*** TASK INPUT ***

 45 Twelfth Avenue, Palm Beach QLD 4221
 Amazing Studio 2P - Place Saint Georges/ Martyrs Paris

*** End of TASK INPUT ***
*** TASK INPUT ***

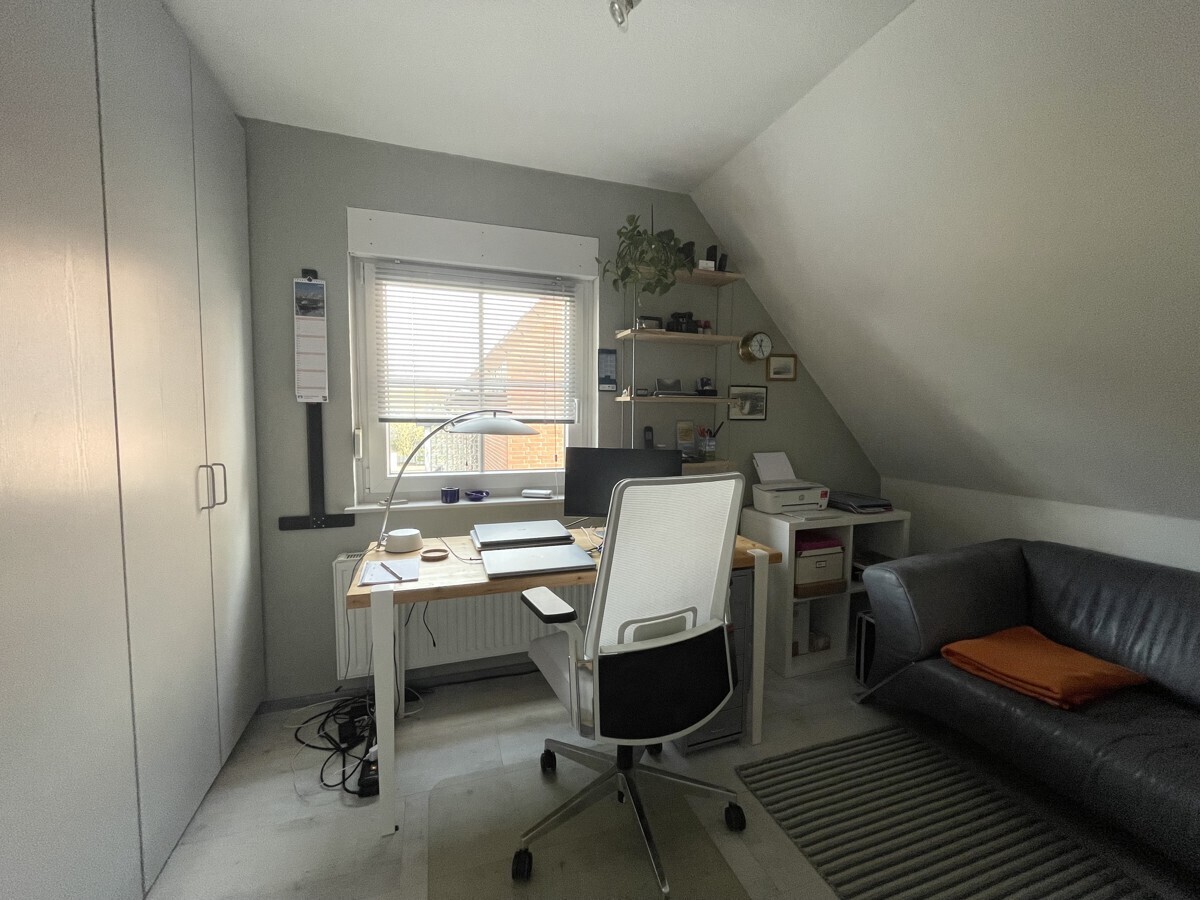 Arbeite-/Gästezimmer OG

*** End of TASK INPUT ***

WHAT TO PRODUCE => Retype word for word everything in the listing above from the line that holds "45 Twelfth Avenue, Palm Beach QLD 4221" down to the line that holds "Amazing Studio 2P". Keep both end lines and leave out the rest.

WRITTEN SOLUTION =>
 45 Twelfth Avenue, Palm Beach QLD 4221
 Amazing Studio 2P - Place Saint Georges/ Martyrs Paris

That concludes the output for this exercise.